Por ello, el informe recoge que "el sistema de TOWS no alertó a la tripulación" de la persistencia de la avería y "la tripulación no configuró adecuadamente el avión para el despegue", pues no extendió los flaps a la posición de 11 grados y slats en MIDLE, tal y como correspondía.
Por último, señala que "la tripulación realizó las listas de comprobación sin la debida adherencia a los procedimientos operativos estándar, perdiendo con ello la oportunidad de detectar el error de configuración del avión". "En la cabina se produjeron actuaciones que agravaron la situación", recoge el informe.
Una cadena de errores
Algunas de las conclusiones sobre los hechos ocurridos atribuyen parte de la responsabilidad inicial al personal de mantenimiento, "que no llegó a identificar la causa de la avería y despachó el avión incorrectamente, acogiéndose al punto 30.8 del MEL". Del mismo modo, el informe cree que ese manual rector es "una documentación escrita de manera que induce a error o incertidumbre en relación con cómo se ha de actuar respecto de averías de calefacción de la sonda de RAT en tierra", agrega.
El informe de la CIAIC, dependiente del Ministerio de Fomento, ya apuntaba a que los técnicos de mantenimiento -uno de ellos imputado- revisaron el fallo y consultaron en el libro de equipo mínimo que indicaba que se podía despachar el avión con el calefactor del RAT inoperativo, con la única condición de que el vuelo no se desarrollase en condiciones de formación de hielo, por lo que procedieron a desactivarlo tirando su 'circuit breaker' correspondiente.

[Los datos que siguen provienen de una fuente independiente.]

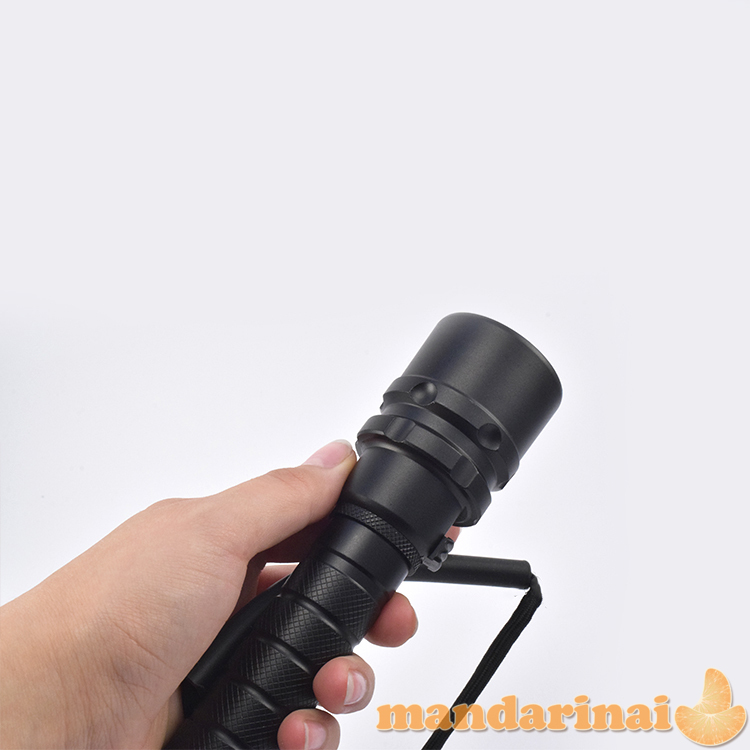  3 LED T6 prožektorius nardymui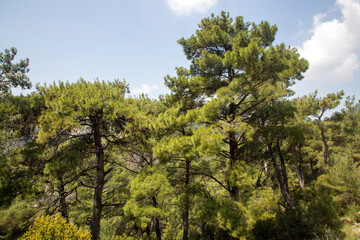 Obraz premium Pine is the name given to coniferous species that include forest trees from the Pinus genus of the Pinaceae family.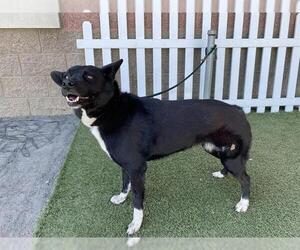 Border Collie-Unknown Mix Dogs for adoption in Modesto, CA, USA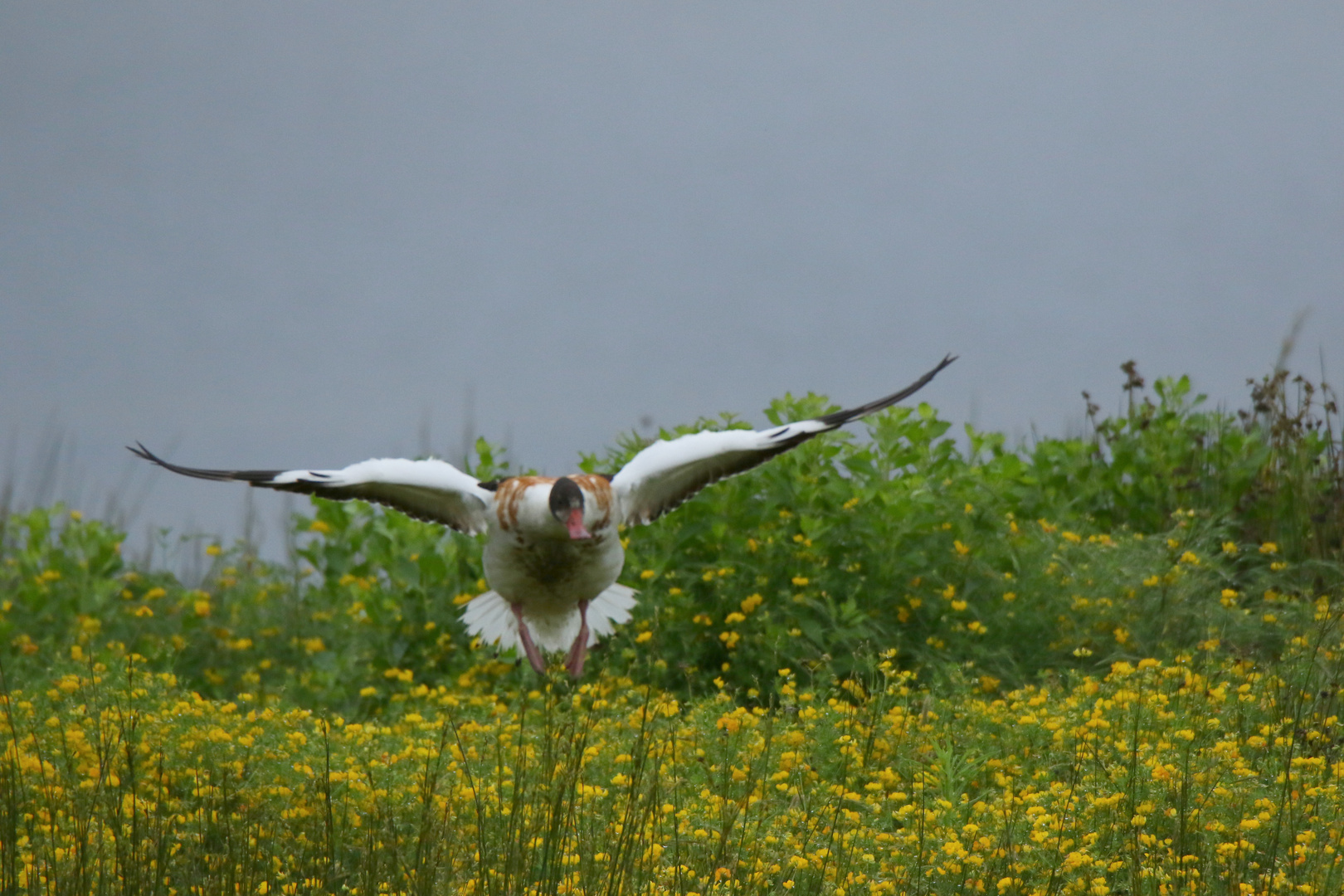 poussz-vous, j'arrive !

Asimismo, recalca qu el historial de accidentes producidos por causas similares a las del vuelo JK5033 no se había traducido en "medidas correctoras adecuadas y suficientes por parte de las autoridades aeronáuticas ni del fabricante del avión".
Las familias reaccionan
La Asociación de Afectados del Vuelo JK5022 ha querido salir al paso de estas informaciones y recordar que, tras tocar "todas las puertas de colegios, profesionales diversos del transporte aéreo, asociaciones, colectivos y compañías aéreas" no encontraron peritos españoles dispuestos a realizar esta tarea. De esta manera, las familias justifican la contratación de un perito de nacionalidad francesa.
La Asociación ha recordado que trabaja "incansablemente" a través de la acusación popular, "aportando y presentando cuantas iniciativas sea conveniente", para conseguir "que no vuelva a ocurrir nunca más".